**Task description**
Take the entries below and print, exactly, the stretch from the line containing "Meridian Furniture BLISS" through the line containing "球员们的高 球员们的高", both included.

**Dataset records**
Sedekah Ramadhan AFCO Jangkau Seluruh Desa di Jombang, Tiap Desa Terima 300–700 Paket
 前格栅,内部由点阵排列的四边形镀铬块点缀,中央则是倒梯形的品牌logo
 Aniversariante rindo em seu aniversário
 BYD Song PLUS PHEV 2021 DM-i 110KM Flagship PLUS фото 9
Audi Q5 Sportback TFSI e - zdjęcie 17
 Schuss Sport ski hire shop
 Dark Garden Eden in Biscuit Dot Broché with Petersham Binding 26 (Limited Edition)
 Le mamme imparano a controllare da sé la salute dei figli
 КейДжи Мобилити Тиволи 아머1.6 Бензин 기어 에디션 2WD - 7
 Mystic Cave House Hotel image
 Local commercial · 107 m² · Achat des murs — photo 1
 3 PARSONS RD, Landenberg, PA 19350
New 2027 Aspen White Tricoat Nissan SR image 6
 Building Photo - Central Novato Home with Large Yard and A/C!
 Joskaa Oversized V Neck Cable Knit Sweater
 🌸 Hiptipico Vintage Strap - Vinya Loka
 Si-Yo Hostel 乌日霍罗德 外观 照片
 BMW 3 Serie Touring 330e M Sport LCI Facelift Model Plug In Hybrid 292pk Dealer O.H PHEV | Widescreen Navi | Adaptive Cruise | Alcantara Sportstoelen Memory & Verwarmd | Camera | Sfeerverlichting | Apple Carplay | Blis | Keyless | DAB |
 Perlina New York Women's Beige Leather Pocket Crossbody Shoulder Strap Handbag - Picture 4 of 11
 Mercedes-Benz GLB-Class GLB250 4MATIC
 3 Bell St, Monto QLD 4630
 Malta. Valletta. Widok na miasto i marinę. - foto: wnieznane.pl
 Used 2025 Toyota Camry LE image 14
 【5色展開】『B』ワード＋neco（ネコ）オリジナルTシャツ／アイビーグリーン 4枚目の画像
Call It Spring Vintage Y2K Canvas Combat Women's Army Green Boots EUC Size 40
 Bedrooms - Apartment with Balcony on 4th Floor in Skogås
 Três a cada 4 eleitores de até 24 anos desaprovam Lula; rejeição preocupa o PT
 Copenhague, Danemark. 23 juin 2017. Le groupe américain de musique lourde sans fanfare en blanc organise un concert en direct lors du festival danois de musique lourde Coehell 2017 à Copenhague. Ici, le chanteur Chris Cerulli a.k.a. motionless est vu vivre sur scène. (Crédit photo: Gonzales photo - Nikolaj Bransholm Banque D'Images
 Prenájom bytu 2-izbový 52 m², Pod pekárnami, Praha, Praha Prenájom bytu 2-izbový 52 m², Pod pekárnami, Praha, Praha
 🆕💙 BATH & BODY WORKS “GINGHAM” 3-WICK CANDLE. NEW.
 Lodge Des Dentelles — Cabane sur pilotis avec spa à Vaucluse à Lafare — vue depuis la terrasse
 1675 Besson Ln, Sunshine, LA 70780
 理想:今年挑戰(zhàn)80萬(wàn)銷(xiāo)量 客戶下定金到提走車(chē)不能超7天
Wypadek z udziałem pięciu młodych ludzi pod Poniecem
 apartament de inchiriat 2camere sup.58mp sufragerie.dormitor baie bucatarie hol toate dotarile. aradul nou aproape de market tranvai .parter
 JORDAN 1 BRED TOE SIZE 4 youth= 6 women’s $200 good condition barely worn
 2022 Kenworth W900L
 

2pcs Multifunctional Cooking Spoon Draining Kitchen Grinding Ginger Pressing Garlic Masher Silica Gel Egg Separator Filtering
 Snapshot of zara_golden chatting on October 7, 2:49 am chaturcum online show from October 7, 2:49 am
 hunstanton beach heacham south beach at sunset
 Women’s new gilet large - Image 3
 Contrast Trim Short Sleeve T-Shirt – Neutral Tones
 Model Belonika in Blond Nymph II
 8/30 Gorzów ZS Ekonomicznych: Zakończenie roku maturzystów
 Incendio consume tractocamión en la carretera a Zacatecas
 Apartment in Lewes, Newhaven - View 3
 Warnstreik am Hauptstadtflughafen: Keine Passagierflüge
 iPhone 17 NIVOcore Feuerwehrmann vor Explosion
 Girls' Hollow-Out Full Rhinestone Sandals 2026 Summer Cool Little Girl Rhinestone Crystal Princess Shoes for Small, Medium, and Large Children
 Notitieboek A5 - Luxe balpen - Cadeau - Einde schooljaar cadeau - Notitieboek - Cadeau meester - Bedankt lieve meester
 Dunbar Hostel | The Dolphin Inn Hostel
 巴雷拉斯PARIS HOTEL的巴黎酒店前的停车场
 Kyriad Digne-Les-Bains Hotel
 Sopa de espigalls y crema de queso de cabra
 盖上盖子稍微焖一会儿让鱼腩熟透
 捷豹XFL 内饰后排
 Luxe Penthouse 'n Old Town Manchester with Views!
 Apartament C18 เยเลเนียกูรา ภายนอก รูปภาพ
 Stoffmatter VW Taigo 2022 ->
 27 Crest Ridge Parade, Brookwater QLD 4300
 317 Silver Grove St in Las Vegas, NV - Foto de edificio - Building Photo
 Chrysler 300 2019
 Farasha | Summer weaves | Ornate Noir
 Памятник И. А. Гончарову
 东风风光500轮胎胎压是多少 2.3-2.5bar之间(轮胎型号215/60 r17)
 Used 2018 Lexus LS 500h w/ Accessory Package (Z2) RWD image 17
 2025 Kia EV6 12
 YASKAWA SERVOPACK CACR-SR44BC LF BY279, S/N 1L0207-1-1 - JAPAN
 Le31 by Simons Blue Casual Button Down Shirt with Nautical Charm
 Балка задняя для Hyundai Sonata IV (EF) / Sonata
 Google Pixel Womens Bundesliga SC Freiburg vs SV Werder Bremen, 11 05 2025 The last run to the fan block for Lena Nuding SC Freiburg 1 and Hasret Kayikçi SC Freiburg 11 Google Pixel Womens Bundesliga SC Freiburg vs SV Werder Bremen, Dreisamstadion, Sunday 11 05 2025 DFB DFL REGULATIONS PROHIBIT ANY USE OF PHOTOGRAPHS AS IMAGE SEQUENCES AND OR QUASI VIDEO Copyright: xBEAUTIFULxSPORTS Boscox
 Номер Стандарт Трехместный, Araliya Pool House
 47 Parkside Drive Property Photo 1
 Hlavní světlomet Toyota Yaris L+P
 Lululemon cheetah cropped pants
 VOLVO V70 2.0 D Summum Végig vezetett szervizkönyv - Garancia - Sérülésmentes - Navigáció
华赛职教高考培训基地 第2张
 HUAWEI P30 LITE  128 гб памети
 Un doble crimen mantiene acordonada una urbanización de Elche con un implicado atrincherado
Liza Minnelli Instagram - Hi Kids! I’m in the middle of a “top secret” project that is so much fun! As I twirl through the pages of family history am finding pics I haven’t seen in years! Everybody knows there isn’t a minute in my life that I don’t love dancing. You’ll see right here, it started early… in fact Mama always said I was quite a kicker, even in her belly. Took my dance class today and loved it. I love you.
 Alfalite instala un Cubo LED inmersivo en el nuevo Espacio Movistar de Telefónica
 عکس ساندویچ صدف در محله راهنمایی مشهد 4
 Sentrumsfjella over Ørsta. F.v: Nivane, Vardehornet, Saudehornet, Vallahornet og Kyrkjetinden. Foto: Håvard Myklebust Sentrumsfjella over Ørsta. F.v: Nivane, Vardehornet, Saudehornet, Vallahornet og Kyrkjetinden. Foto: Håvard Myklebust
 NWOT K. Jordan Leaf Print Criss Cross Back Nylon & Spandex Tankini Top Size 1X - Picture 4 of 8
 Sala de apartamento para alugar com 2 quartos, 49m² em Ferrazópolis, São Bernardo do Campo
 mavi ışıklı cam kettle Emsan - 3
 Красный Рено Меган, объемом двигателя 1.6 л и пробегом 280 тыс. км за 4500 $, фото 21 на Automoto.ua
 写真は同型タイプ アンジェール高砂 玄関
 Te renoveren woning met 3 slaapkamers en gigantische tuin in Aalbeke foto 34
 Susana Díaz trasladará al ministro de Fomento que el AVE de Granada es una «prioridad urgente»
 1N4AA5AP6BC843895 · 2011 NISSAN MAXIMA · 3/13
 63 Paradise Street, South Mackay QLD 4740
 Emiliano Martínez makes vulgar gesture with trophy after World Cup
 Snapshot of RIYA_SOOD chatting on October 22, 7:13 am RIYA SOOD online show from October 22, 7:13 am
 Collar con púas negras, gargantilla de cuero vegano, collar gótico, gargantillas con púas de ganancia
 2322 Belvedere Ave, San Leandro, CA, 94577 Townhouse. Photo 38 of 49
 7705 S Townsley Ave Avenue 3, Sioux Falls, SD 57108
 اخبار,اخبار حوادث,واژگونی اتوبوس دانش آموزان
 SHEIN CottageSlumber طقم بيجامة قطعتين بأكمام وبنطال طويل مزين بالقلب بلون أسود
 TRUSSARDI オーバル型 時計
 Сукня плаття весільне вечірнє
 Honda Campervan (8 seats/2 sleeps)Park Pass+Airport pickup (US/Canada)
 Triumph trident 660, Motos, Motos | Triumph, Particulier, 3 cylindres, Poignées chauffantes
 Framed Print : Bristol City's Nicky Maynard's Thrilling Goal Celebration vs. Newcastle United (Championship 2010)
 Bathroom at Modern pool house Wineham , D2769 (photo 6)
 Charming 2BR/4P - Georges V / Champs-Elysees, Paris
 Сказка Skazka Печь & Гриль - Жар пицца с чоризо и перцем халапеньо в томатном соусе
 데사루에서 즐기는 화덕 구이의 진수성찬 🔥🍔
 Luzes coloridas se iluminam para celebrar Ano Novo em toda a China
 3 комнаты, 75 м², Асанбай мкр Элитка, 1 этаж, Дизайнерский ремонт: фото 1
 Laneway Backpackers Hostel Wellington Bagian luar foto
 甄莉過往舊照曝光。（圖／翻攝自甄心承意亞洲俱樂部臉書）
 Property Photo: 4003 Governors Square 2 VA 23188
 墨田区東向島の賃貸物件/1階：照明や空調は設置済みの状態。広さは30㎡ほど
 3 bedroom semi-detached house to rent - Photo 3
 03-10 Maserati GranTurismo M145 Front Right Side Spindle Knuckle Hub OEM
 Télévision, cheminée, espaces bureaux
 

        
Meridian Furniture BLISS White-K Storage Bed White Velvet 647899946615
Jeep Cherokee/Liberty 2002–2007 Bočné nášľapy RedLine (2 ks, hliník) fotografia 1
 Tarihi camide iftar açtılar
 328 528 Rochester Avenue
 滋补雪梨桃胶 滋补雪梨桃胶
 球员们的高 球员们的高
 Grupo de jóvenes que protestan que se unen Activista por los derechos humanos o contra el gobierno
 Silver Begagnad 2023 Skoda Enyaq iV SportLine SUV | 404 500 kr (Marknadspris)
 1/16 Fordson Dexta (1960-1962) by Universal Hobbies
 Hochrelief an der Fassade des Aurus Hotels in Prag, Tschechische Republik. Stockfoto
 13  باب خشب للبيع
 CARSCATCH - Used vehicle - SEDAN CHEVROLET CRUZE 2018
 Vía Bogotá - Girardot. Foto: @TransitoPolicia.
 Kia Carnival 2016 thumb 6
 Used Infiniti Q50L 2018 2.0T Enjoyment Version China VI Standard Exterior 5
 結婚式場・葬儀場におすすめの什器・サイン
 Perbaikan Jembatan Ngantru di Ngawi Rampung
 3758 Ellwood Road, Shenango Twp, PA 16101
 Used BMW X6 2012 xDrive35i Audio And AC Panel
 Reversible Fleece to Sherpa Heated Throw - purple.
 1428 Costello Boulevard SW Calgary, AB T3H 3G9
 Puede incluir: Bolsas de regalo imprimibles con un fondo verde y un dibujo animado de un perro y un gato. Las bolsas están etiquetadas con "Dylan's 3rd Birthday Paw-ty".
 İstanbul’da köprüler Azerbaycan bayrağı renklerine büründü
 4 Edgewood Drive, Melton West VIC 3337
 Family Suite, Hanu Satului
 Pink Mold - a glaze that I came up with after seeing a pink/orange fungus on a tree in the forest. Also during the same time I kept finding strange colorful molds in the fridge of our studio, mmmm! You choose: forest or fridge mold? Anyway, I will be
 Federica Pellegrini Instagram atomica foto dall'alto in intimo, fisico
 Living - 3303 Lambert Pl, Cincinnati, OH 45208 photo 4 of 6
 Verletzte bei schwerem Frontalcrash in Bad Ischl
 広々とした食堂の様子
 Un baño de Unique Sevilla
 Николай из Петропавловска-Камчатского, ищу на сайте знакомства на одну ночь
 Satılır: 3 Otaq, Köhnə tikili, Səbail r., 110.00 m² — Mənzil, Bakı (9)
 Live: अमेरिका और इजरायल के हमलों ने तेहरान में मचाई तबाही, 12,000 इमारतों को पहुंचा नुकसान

**Solution to this problem**
Meridian Furniture BLISS White-K Storage Bed White Velvet 647899946615
Jeep Cherokee/Liberty 2002–2007 Bočné nášľapy RedLine (2 ks, hliník) fotografia 1
 Tarihi camide iftar açtılar
 328 528 Rochester Avenue
 滋补雪梨桃胶 滋补雪梨桃胶
 球员们的高 球员们的高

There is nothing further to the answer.